Podlaski Wydział Zamiejscowy Departamentu do Spraw Przestępczości Zorganizowanej i Korupcji Prokuratury Krajowej w Białymstoku skierował do sądu akt oskarżania przeciwko Stanisławowi J. zarzucając mu działanie na szkodę fabryki Łączników w Radomiu. Śledztwo było prowadzone przez Centralne Biuro Antykorupcyjne od 2015 roku. "[...] poprzez zawieranie niekorzystnych dla spółki transakcji, wystawianie i posługiwanie się nierzetelnymi fakturami VAT oraz w sprawie doprowadzenia do upadłości spółki oraz udaremnienia zaspokojenia wierzycieli spółki poprzez zbywanie i pozorne obciążanie składników swego majątku" - czytamy w komunikacie Prokuratury Krajowej.
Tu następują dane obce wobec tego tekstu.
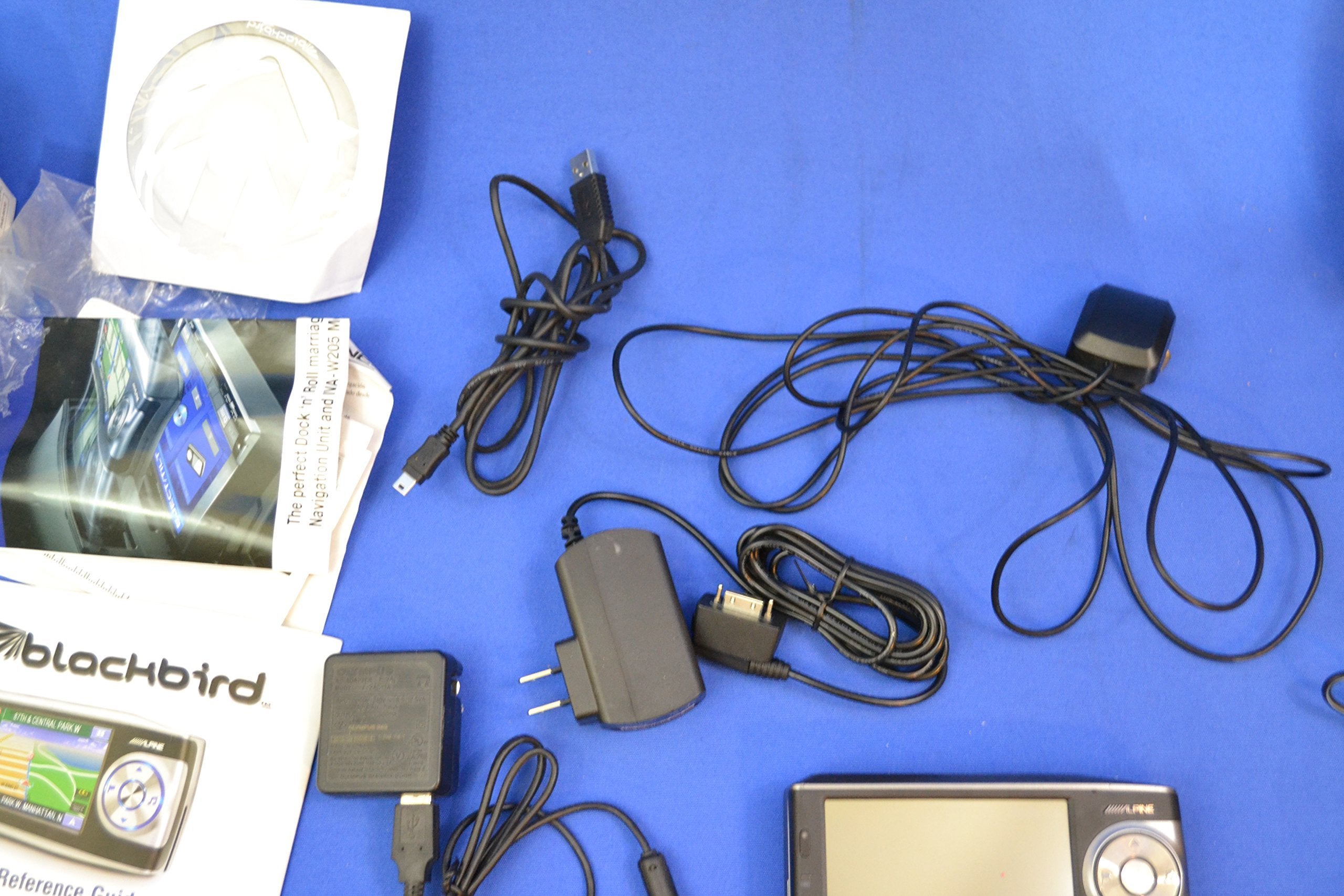 Alpine PMDB200 Blackbird II Portable Navigation System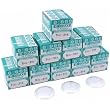100 Plastic Watch Crystals Watchmaker Dome Parts 31.4mm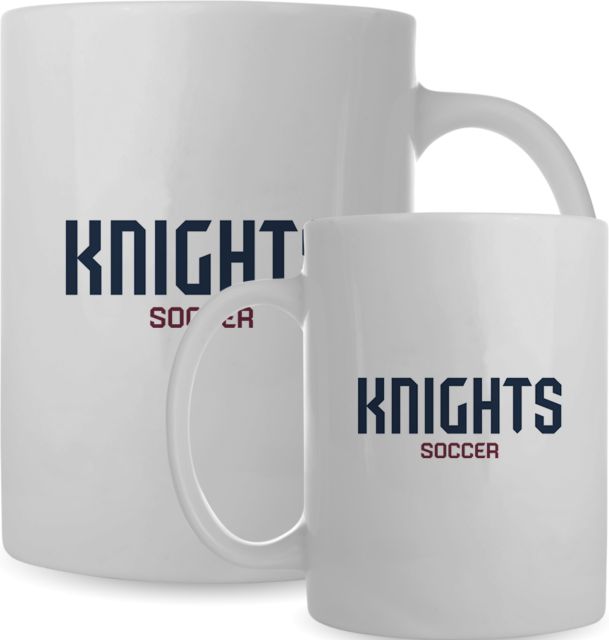 FDU Knights Full Color Mug 15oz FDU Knights Soccer - ONLINE ONLY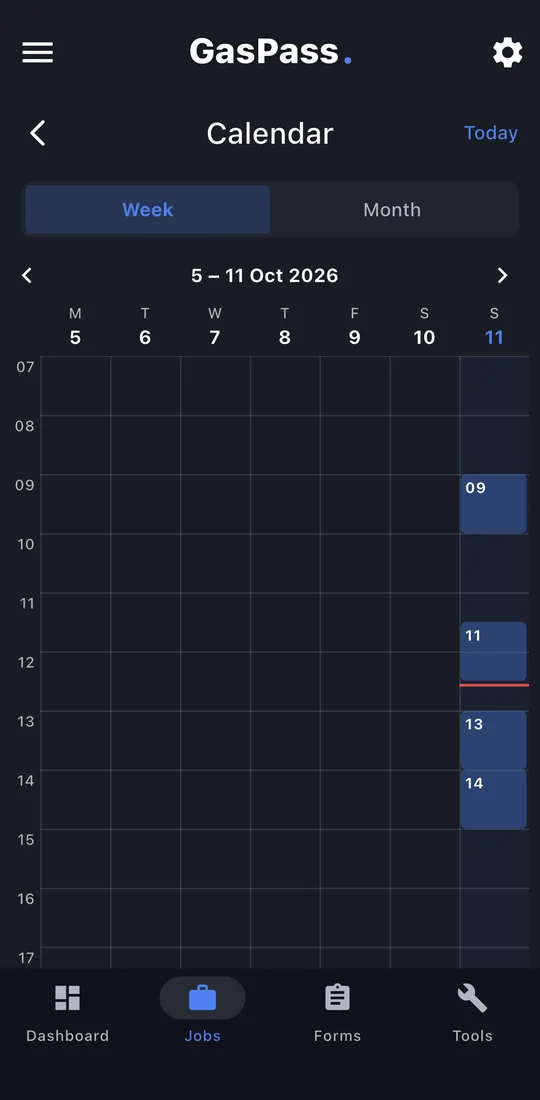 The week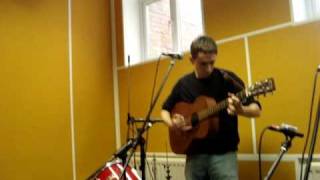Jack Day performing Bird Song LIVE on Resonance 104.4 FM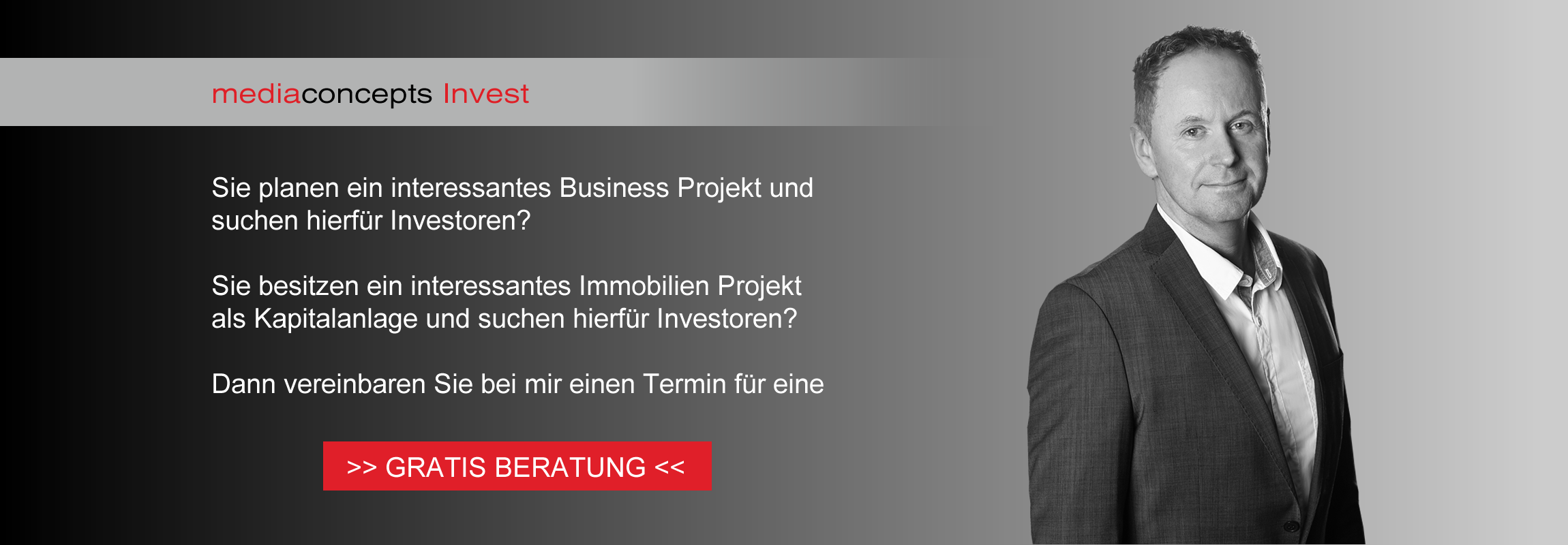 Webdesign, Online-Shops, Video-Trailer, Online-Marketing, Mystery Checks, Graphikdesign, Gründungsberatung, Businessplanerstellung, Kapitalakquise, Fördermittel, Existenzgründung, Franchisesystem, Franchising, Startups, Firmenbeteiligungen, Immobilieninvestments, Green Investments, mediaconcepts, Ingelheim, Carsten Ott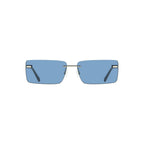 Calvin Klein Blue Metal Women Sunglass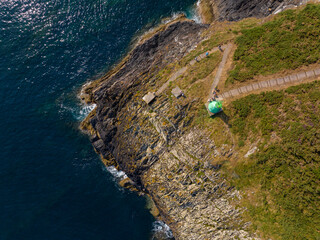 Fuciño do Porco y Punta Socastro en O Vicedo, Galicia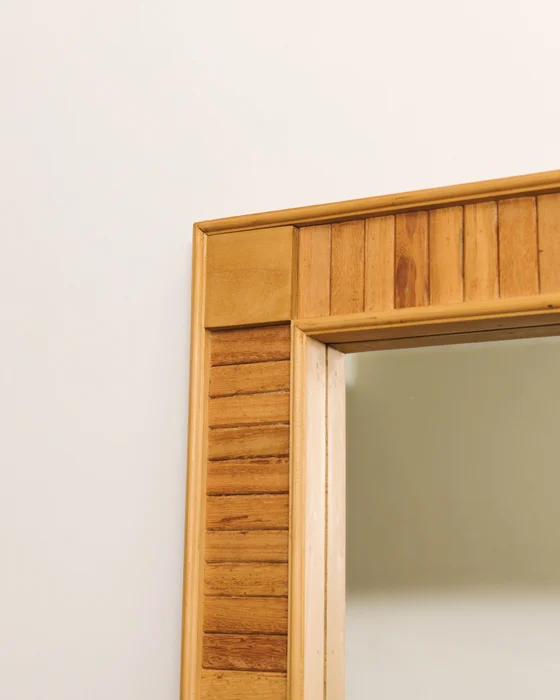 ESPEJO TRAMANDAÍ 180x90 en Madera natural - Espejos, Uruguay | Fundamento Muebles, vista 3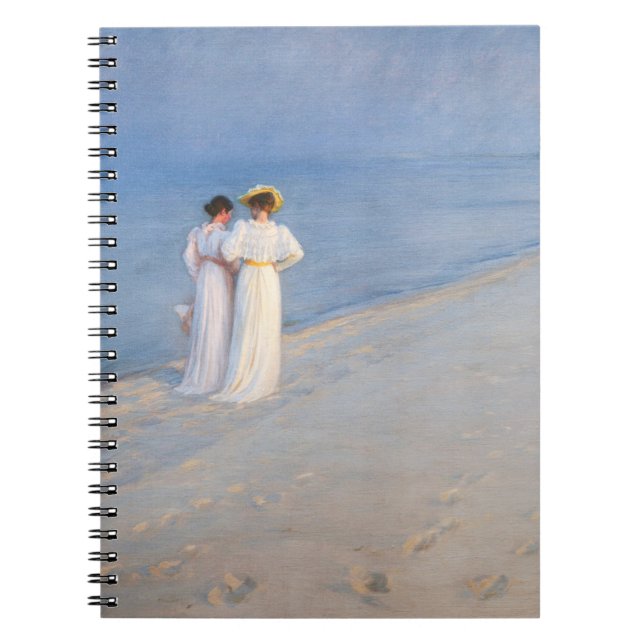Carnet Kroyer - Soirée d'été sur Skagen Beach (Devant)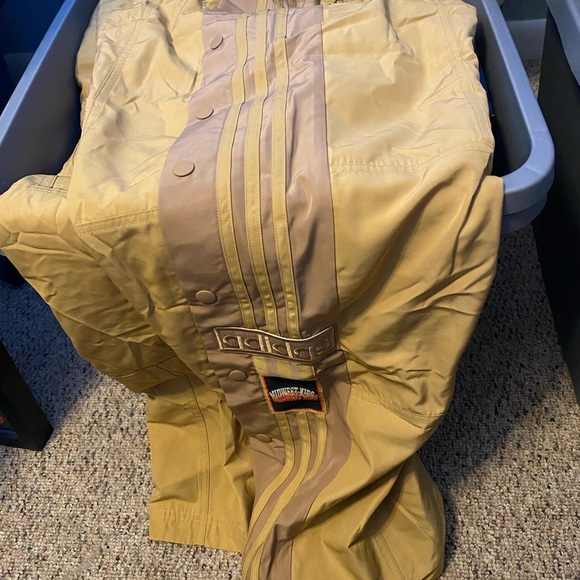 Adidas x Midwestern Kids button down pants. Never worn, tags intact. - Picture 3 of 4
I dalej, Stanisławowi J. zarzuca się "przywłaszczenie na szkodę Fabryki Łączników w Radomiu kwoty 185 tysięcy złotych kwalifikowane z art. 284 par. 2 kk, wystawienie poświadczających nieprawdę faktur VAT kwalifikowane z art. 271 par. 1 i 3 kk oraz wyrządzenie spółce znacznej szkody majątkowej w łącznej kwocie ponad 626 tysięcy złotych poprzez zawieranie niekorzystnych umów z powiązanymi ze sobą podmiotami kwalifikowane z art. 296 par. 2 kk.".
Czyny zarzucane oskarżonemu zagrożone są karą do 8 lat pozbawienia wolności.
Przypomnijmy. Fabryka Łączników w Radomiu była przez wiele lat jednym z największych zakładów w Polsce, produkującym łączniki żeliwne. W 2010 roku Skarb Państwa sprywatyzował zakład. Sprzedaż tłumaczono kłopotami finansowymi przedsiębiorstwa. Nowy inwestor po roku przeniósł siedzibę firmy do Siedlec i ogłosił upadłość. Pracę w krótkim czasie straciło około 400 osób.